City policy is also shaping what can be built around the taquería. In August 2023, Austin City Council adopted design standards for a portion of Sixth Street between Sabine and Neches that lifted the height limit to 140 feet from the former 45-foot cap, unlocking taller mixed-use projects and a new set of streetscape expectations. That includes concepts like a 150- to 160-room hotel envisioned for the 500 block and a roughly 122-foot residential tower on the 600 block—projects that would add density, new trip generation, and potentially new daytime customers, while also raising familiar concerns about construction disruption, loading, and parking spillover into adjacent streets. In the redevelopment narrative, the motivation is preservation-plus-change; “Sixth Street is central to Austin and essential to preserving the city's vitality, and we want to bring this beloved street back to what it once was.”, said unnamed speaker.
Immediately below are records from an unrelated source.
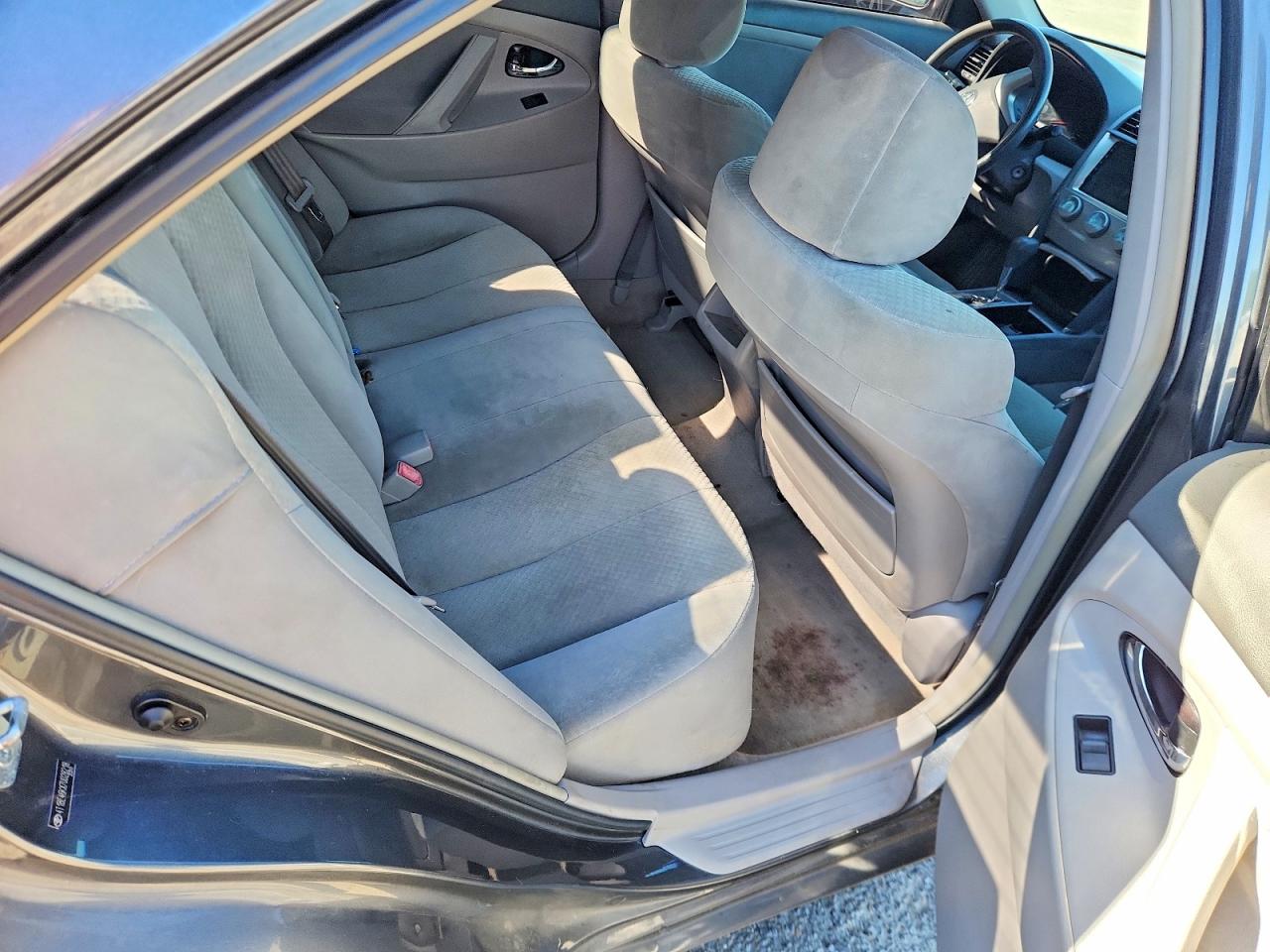 2007 Toyota Camry Le Gray vin: 4T1BE46KX7U028218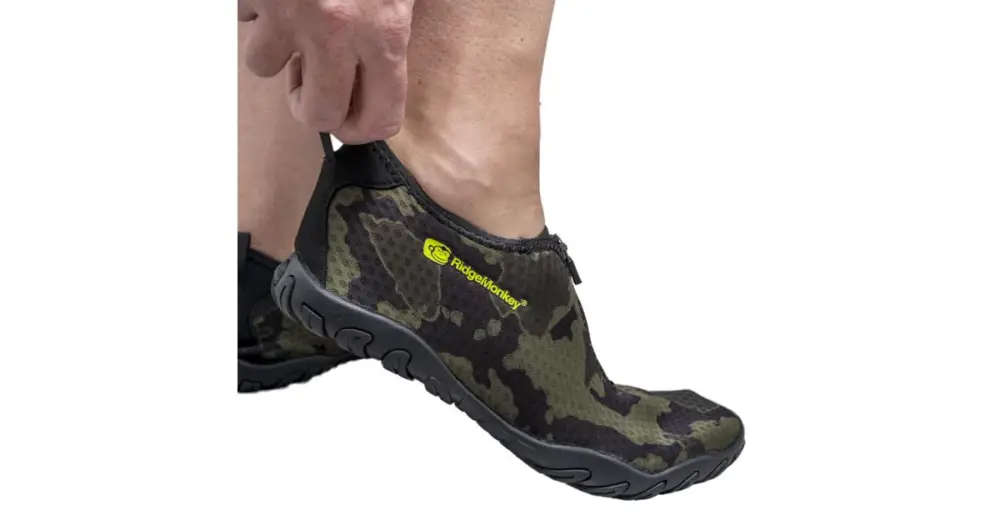 Cenově Výhodný RidgeMonkey Boty APEarel Dropback Aqua Shoes Camo - 45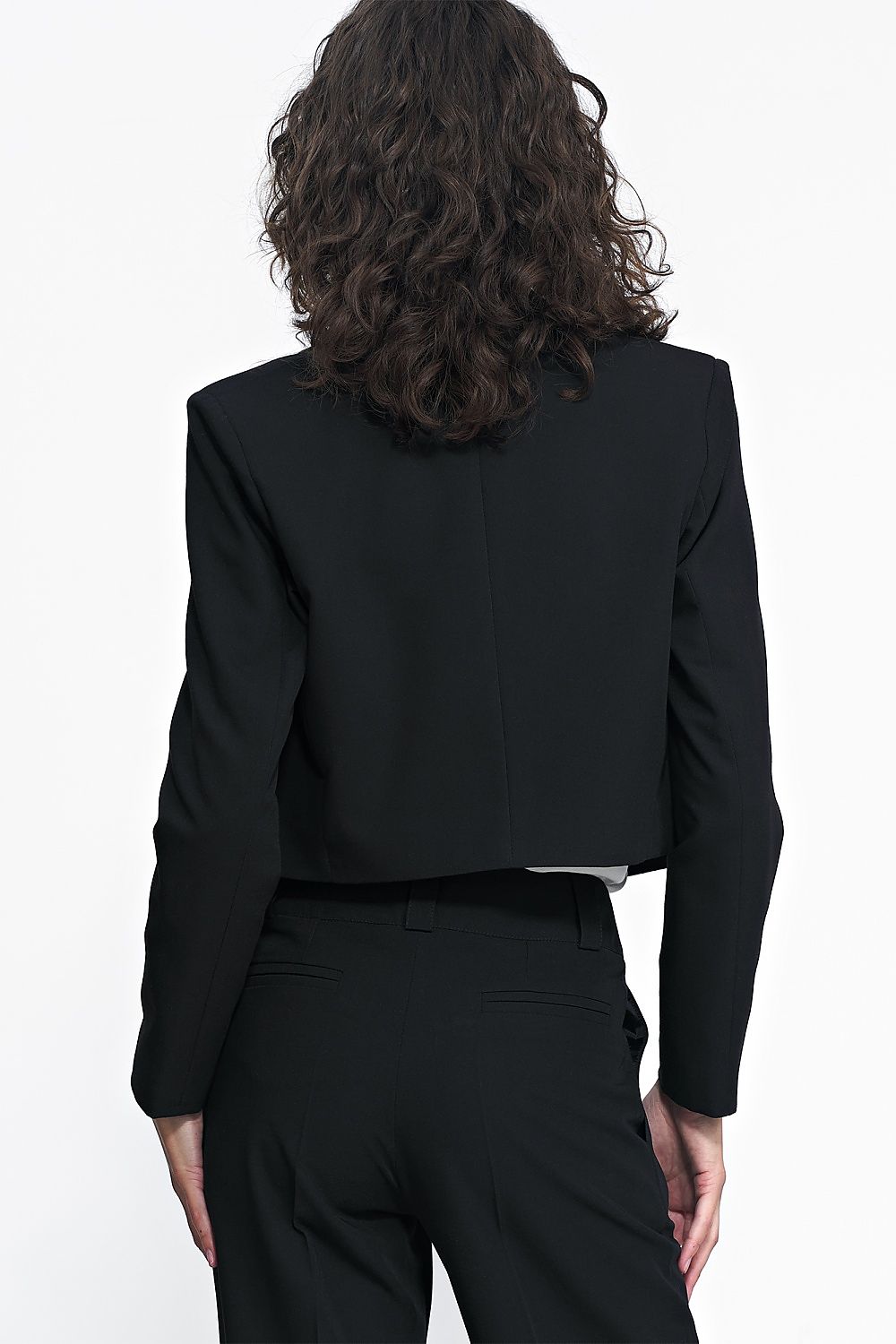 Jakke Nife til dame fra MS StyleHaven, laget av polyester; Viskose, farge Svart, størrelse 40, med long ermer, perfekt til casual; dress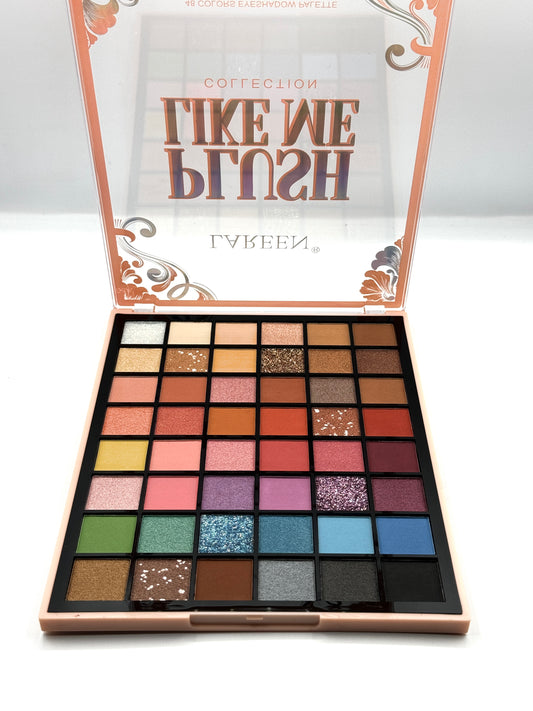 Lareen Plush like me eyeshadow palette
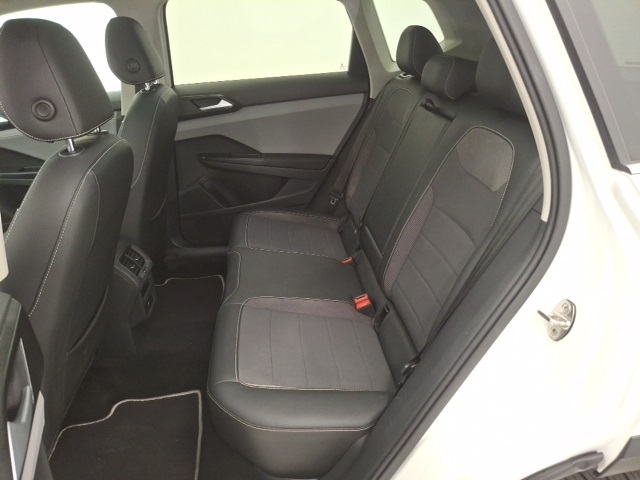 2023 Volkswagen Taos SE photo 21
Community response to the Old 6th effort—and to Taquería De Diez joining it—has split along predictable lines: supporters see a beloved local food operator as a stabilizing anchor that can diversify the corridor and make it more usable during the day, while critics worry that “revitalization” will accelerate rent escalation, push out smaller legacy tenants, and further tilt Sixth Street toward curated, higher-cost concepts. The demographic and market case for a daytime food tenant is strong: East Austin is now described as roughly 119,775 residents with a median household income around $101,034 and a median age near 33, a mix that tends to support quick-casual formats and repeat lunch traffic as much as nightlife spending. Still, for regulars of the current alley spot—already dealing with softer foot traffic tied to the disrupted convention center area—the closure means losing a specific routine and a specific kind of discovery. The Esquer brothers and their co-founder, Roy Servan, have positioned the move as a way to keep the food intact while stepping into a different kind of visibility; “We’ve been incredibly grateful for the support Austin has shown us since day one,” said Raul Esquer. For Stream, the restaurant is also a statement about what comes next; “Taqueria De Diez is exactly the kind of award‑winning, community‑rooted concept we’re proud to welcome to Old 6th,” said Paul Bodenman, Stream senior vice president. The first lease doesn’t settle the debate over what Sixth Street should become—but it does set a baseline: food, not just bars, is being used as the opening move.